* **What needs to be done**
Return the lines from the start of the data through the line with "Women's White 5-Point". Include both of those lines and no others.

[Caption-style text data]
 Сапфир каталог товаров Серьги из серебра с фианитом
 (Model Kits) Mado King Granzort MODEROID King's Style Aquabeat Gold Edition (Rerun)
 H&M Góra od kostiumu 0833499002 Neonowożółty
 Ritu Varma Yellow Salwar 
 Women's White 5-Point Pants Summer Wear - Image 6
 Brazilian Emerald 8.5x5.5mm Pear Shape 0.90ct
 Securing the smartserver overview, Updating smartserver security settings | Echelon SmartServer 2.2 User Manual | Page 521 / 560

* **Output of the exercise**
 Сапфир каталог товаров Серьги из серебра с фианитом
 (Model Kits) Mado King Granzort MODEROID King's Style Aquabeat Gold Edition (Rerun)
 H&M Góra od kostiumu 0833499002 Neonowożółty
 Ritu Varma Yellow Salwar 
 Women's White 5-Point Pants Summer Wear - Image 6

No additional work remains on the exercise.